A web crawling framework written in Kotlin

Overview

Release Build Status Awesome Kotlin Badge

About

Krawler is a web crawling framework written in Kotlin. It is heavily inspired by crawler4j by Yasser Ganjisaffar. The project is still very new, and those looking for a mature, well tested crawler framework should likely still use crawler4j. For those who can tolerate a bit of turbulence, Krawler should serve as a replacement for crawler4j with minimal modifications to existing applications.

Some neat features and benefits of Krawler include:

  • Kotlin project!
  • Krawler differentiates between a "check" and a "visit". Checks are used to verify the status code of a resource by issuing an HTTP HEAD request rather than a GET request. Each policy (get or check) can have it's own logic associated with it by implementing either shouldCheck or shouldVisit and check and visit.
  • Krawler's politeness delay is per-host rather than global. This way servers aren't overwhelmed, but crawls visiting many hosts in parallel are not effectively serialized by the politeness delay.
  • Krawler uses Jsoup for parsing HTML files while harvesting links, making it more tolerant of malformed or poorly written websites, and thus less likely to error out during a crawl. The original HTML of the page is still available to facilitate validation and checking though.
  • Krawler collects full anchor tags including all attributes and anchor text.
  • Krawler currently has no proxy support, but it is on the roadmap. :(

Add Dependency

Krawler is published through jitpack.io at: https://jitpack.io/#brianmadden/krawler/ . Add jitpack.io as a repository, and krawler as a dependency to use Krawler in your project:

Using Gradle

repositories {
    jcenter()
    maven { url "https://jitpack.io" }
}

dependencies {
    compile 'com.github.brianmadden:krawler:0.4.4'
}

Using Maven

<repositories>
    <repository>
        <id>jitpack.io</id>
        <url>https://jitpack.io</url>
    </repository>
</repositories>

<dependency>
    <groupId>com.github.brianmadden</groupId>
    <artifactId>krawler</artifactId>
    <version>0.4.4</version>
</dependency>

Usage

Using the Krawler framework is fairly simple.
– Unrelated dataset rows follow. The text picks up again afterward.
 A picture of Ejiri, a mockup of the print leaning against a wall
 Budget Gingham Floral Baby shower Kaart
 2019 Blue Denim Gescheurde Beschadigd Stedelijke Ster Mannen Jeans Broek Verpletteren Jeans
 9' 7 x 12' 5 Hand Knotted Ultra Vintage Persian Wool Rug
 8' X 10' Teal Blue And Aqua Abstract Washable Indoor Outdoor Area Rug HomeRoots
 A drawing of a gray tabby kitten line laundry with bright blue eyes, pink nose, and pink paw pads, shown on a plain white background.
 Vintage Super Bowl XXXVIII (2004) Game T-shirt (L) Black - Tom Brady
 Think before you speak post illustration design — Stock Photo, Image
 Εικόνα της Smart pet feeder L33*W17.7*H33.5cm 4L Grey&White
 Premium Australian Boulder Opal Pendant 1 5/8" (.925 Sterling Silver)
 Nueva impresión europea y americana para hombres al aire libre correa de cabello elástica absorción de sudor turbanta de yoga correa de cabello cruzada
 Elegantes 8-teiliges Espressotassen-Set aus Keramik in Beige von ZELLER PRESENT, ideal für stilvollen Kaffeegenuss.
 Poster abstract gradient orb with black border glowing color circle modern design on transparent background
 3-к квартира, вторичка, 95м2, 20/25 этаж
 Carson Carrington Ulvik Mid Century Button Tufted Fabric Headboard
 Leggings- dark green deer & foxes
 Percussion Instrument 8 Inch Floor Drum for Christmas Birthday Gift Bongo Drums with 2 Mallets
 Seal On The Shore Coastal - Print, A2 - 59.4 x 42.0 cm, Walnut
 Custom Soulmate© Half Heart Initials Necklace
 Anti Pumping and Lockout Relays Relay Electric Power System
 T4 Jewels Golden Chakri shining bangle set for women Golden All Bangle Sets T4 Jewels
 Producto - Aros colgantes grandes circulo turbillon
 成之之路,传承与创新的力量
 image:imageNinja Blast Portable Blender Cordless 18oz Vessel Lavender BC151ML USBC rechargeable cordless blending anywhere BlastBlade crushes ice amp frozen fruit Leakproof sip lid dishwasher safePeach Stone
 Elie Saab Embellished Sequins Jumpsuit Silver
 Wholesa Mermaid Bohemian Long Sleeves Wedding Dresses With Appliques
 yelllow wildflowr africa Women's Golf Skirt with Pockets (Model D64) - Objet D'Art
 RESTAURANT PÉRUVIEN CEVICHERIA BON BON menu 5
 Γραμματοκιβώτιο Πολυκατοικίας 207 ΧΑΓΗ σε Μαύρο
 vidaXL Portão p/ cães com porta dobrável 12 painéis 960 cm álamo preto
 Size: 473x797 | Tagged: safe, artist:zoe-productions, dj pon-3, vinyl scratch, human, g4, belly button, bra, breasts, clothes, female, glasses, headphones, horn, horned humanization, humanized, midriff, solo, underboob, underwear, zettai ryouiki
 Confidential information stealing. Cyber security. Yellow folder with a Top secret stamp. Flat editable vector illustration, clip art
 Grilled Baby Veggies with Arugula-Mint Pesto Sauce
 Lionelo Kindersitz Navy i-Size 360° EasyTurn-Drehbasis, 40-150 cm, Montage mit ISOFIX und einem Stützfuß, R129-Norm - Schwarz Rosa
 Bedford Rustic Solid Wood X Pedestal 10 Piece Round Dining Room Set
Minimally, there are two methods that must be overridden in order to use the framework. Overriding the shouldVisit method dictates what should be visited by the crawler, and the visit method dictates what happens once the page is visited. Overriding these two methods is sufficient for creating your own crawler, however there are additional methods that can be overridden to privde more robust behavior.

The full code for this simple example can also be found in the example project:

class SimpleExample(config: KrawlConfig = KrawlConfig()) : Krawler(config) {

    private val FILTERS: Regex = Regex(".*(\\.(css|js|bmp|gif|jpe?g|png|tiff?|mid|mp2|mp3|mp4|wav|avi|" +
            "mov|mpeg|ram|m4v|pdf|rm|smil|wmv|swf|wma|zip|rar|gz|tar|ico))$", RegexOption.IGNORE_CASE)

    /**
     * Threadsafe whitelist of acceptable hosts to visit
     */
    val whitelist: MutableSet<String> = ConcurrentSkipListSet()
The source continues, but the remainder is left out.